The decade since has been a cascade of change. We welcomed the Boy, and then the Girl, and then the G. Our nightstands groaned under the weight of well-thumbed copies of What to Expect When You're Expecting and The Expectant Father and Dr. Sears. We devoted hours to finding the perfect diapers or safest carseat, were overwhelmed by cute onsies and adorable mobiles. The house was flooded with shape sorters and strollers, diaper wipes and Caillou, teddy bears and board books - nearly drowning us - and then, in a blink, that tide receded, denuding our home of all that precious driftwood. Birthdays and Christmases and milestones melted their candles, burned their bows, and raced by. For years we slept with small humans upon us and beside us, but their imprints are now long faded from our bedding.
Over those 10 years our home's often deafening music receded to nothing, supplanted by the luxuriance of extemporaneous lullabies and bedtime books, memorized word for word. And oh, all those idealized first words, lost teeth, and potty times. Bandaids and hugs became commonplace, gently soothing little wounds. We planted trees, built playhouses, and marked our children's palms in concrete. Baby bumps and breast pumps. Fridge pictures and freezers of milk. Tears, vomit, poo, and countless readings of Good Night Moon. Nina and Star and plasma cars. Purple buckets and dino nuggets. Bouncy seats and mommy meets. Wiping yet another bum, and "waiting for the hot to come." From pull-ups to piano lessons, jumpers to jump ropes, "yogi-dogis" to yearbooks, we piled up these perfect fallen leaves only to watch helplessly as they scattered in a whirlwind of seasons flying by.
We have marched through preschool and into grade school. Playgrounds have been conquered, nightmares banished, training wheels abandoned. Self-consciousness has been kept at bay, protecting the fertile ground of whimsy, fairies, songs and wonder. The magic of Santa and the Easter Bunny and the Tooth Fairy prevailed triumphantly before being mortally wounded this year (at least for the oldest) by life's most indelicate cruelty.

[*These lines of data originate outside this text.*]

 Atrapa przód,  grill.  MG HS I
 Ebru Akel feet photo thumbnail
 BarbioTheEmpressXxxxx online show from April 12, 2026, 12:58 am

Though these past 10 years have seen us indescribably joyful at our children's births and lives, we have also deeply grieved the deaths of those pets that began the decade with us. And there has been more to weep. My grandfather has passed. My wife's father - my children's only grandfather - was lost just this last spring. Our time has been scored by geneticists, cardiologists, therapists and ER visits; scarred by the stumbles, mumbles and dislocations, the broken windows and the broken backs that prompted those encounters. Our great, unbridled happiness over the last decade has been countered with a series of crushing blows that initially caused us utter panic, and then depressive dismay, and finally resigned shrugs. It's as if the universe uses the laws of physics when meting out life to us: for every action there must be an equal and opposite reaction. Balance in all things, I suppose, but it has at times felt too cruel.
All of this has happened and so much, so much, more since that weekend of reunion a decade ago. It is far too much to hold in the flutter of 10 years. It overflows. And it has gone by so fast. I blinked, and ended up here. How does so much happen so quickly? This is not a case of regret, it isn't another chorus of Cat's In the Cradle. I didn't miss anything. I was here the whole time. And still there wasn't time enough. Had I been able to avoid sleep for the decade I still could not have taken it all in.
All of which begs the question: what of the next three thousand, six hundred fifty days? As the kids shake off the last of our cuddles, and begin their climb towards adulthood, how do we catch it all? If the last decade hurtled by how will we cope with what's ahead? How do we slow it down? How do we wrap it up, rope it, leash it, stop it?
How do we keep from blinking?
I don't know. I doubt anyone does.
But I do know these tears make it hard not to.